It’s a new year! Time to clear out the clutter from the old year and make ambitious plans for the new one. While this tradition often involves personal goals and business forecasts, it’s also the perfect opportunity to perform a strategic overhaul of your digital infrastructure to protect your company’s online presence for a more resilient 2026.
At the turn of the new year, one of the best ways to start and stick to something new isn’t starting something new. Replacement is what actually works. This year, let’s apply the “out with the old, in with the new” philosophy to the foundation of your digital identity: your DNS security.
It’s time to replace outdated, passive approaches with modern, resilient strategies.
Here are five critical upgrades to make for a more secure and prosperous 2026.
1. Out with Single-Provider Dependency, In with Multi-Provider Resilience (Entreprise-Level)
The Old Way: Putting all your DNS eggs in one basket by relying on a single, major cloud provider for all your DNS needs. The thinking was that the biggest players were “too big to fail.”
The New Way: Implementing a true multi-provider DNS strategy that includes automatic, registry-level failover.
Why it’s essential: Major outages in recent years have taught us a hard lesson: no single provider is infallible. When a massive cloud provider experiences a core DNS failure, their internal redundancy becomes meaningless, and they become a single point of failure for every client they host. True resilience is about having an automated plan for when they inevitably do.
Result: By using a secondary, independent DNS provider, a failover system can instantly redirect your traffic the moment an outage is detected, ensuring your business stays online. This moves you from a position of dependence to one of control.
2. Out with Reactive Monitoring, In with Proactive Threat Hunting
The Old Way: Waiting for a monitoring alert to tell you that your website is down or, even worse, for a customer to report a phishing site impersonating your brand.
The New Way: Proactively hunting for threats before they are weaponized by continuously scanning for look-alike domains and other indicators of malicious activity.
Why it’s essential: A reactive security posture means you are always one step behind the attackers. By the time a phishing site is live and targeting your customers, the damage has already begun. A modern, proactive approach involves using sophisticated tools to scan global domain registrations in real-time.

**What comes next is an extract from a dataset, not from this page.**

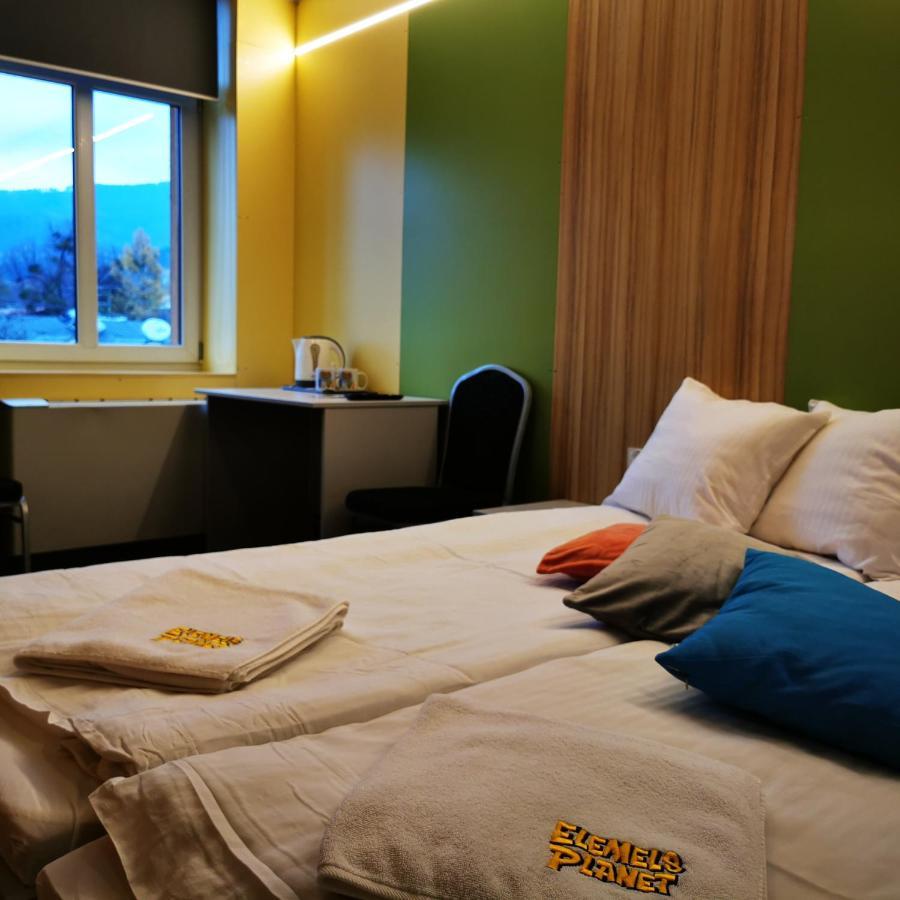 Elemels Planet Bed & Breakfast Устрон Екстериор снимка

Result: This allows you to identify a confusingly similar domain the moment it’s registered, giving you the power to initiate a takedown before it can be used in an attack. This is the difference between cleaning up a disaster and preventing it from ever happening.

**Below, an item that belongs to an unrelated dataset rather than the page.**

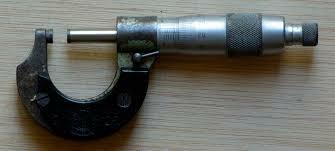 Henry Maudslay construye un micrómetro con una precisión de la milésima parte de una pulgada.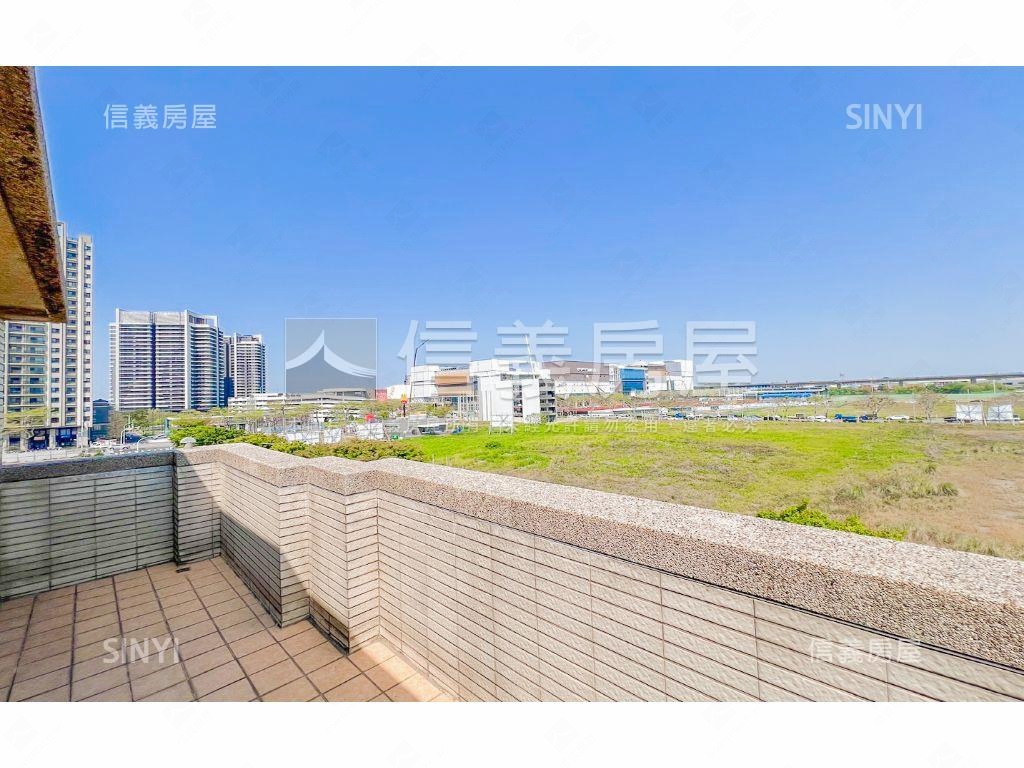 臨未來漢神百貨１１期角墅房屋室內格局與周邊環境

3. Out with Basic Passwords, In with Mandatory 2FA
The Old Way: Relying on password complexity rules and hoping employees use strong, unique passwords for their domain management accounts.
The New Way: Enforcing mandatory Two-Factor Authentication (2FA) for every user with access to your domain registrar and DNS control panels.
Why it’s essential: Passwords are a fundamentally broken security model. They can be stolen, guessed, or phished with alarming ease. A password alone is an open invitation for a domain hijacking. 2FA adds a critical second layer of defense by requiring a physical token or a code from a mobile device.
Result: One of the most effective security measures you can implement, immediately neutralizing the risk of compromised credentials. In 2026, 2FA should not be optional; it should be the standard.
4. Out with Bloated Permissions, In with a Zero-Trust Model
The Old Way: Granting broad administrative access to multiple team members for the sake of convenience, leading to “permission creep” over time.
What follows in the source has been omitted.